Being Found Serving in the Joy of Our Lord
Rev. Charles Westby, Pastor
Matthew 25:14-30
November 15, 2020

As we are nearing the end of the church year our attention is drawn to Christ’s coming again in glory to bring this world order to an end and deliver to us the new creation. As we do not know the day or the hour of His coming, our attention turns to Christ’s teaching us to be found serving Him in His joy. To talk to us about this, Jesus speaks the parable of the talents. Let’s make some observations about the parable and then draw out some points from it.

Jesus talks about a man who was going on a journey. This is the connection in the parable to anticipating Christ’s return, since He has ascended to God’s right hand from which He will come again in glory. So the man summoned his servants and handed some of his property over to them. These were “his own” servants. He knows them and they know him. He thinks there is a relationship of trust and love between them and himself. So he entrusts property to them, trusting that they will put the property to use for their Lord’s glory. So he gave five talents to one servant, two talents to another, and one talent to a third, each according to their own ability.

The word “talent” here refers to a unit of measurement of silver or gold for use in commerce. In Matthew 25:27, the terminology changes from talent to “money.” The word there is the word for silver. Thus, a talent in the parable was literally a silver coin used as currency.

Thus, the word “talent” in the parable does not mean our English word “talent,” as in the ability to do something well. Nevertheless, if we apply this parable to giving of our time, talent, and treasure in support of the ministry of the Gospel, we can take the talent to stand for more than just money, for time and talent, as well, since we are taking the parable to be about using the things the Lord has given us for His purposes and glory, as we live in anticipation of His coming.

The servants who were given five talents and two talents, respectively, traded with them to earn more talents. They put their Lord’s money to use to gain more money for their Lord. This is one of the central points of the parable, putting the talents to use for the benefit and glory of the Lord. This point is like the substance of it. There is another major point that will involve the motivation, which we will discuss in a few moments.

The Lord also gave a talent to a third servant. What did he do with it? He dug a whole in the ground. He put the talent in it and filled the dirt back in. He did not use the talent to gain more for the Lord’s glory. He buried it. We soon learn that he did so because of what he thought of his master. This involves the motivation.

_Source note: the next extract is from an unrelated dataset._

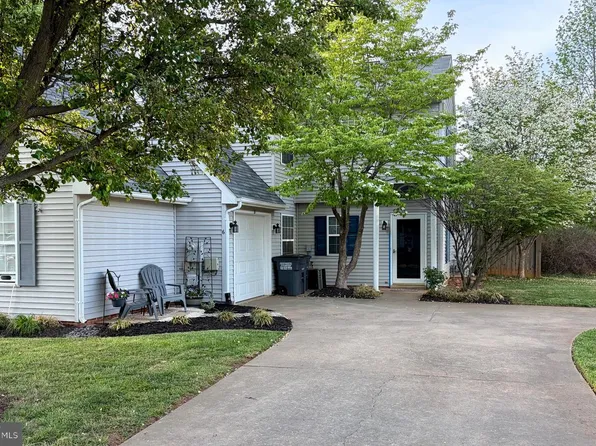 6 Regency Dr, Stafford, VA 22554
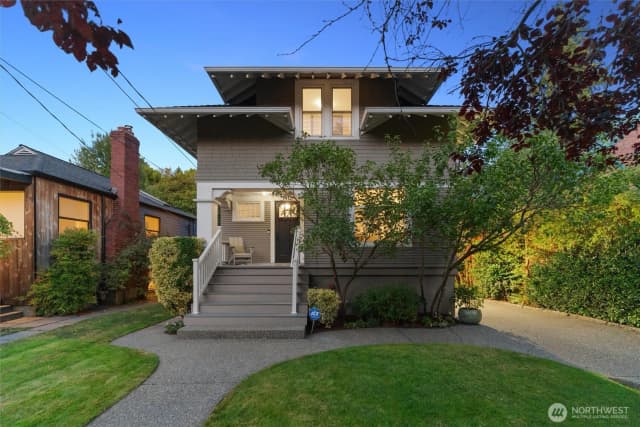 Property photo for 1912 26th Avenue E, Seattle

The Lord returns to “settle accounts” with his servants. The ones that had been given the five talents had earned five talents more for his Lord. The one who had been given two talents earned two talents more. These two servants were joyful to be able to give back to their Lord the original talents and five and two talents more. They had put the talents their master had given them to use for their master’s purposes and produced a benefit to their master.

The Lord says to them “well done good and faithful servants. Enter into the joy of your master” (Mat. 25:21, 23).

When we come to the third servant, the situation is different. This servant admits that he took the talent that had been given to him and buried it in the ground. He then explains why. What he says is central to Jesus’s teaching in the parable regarding motivation.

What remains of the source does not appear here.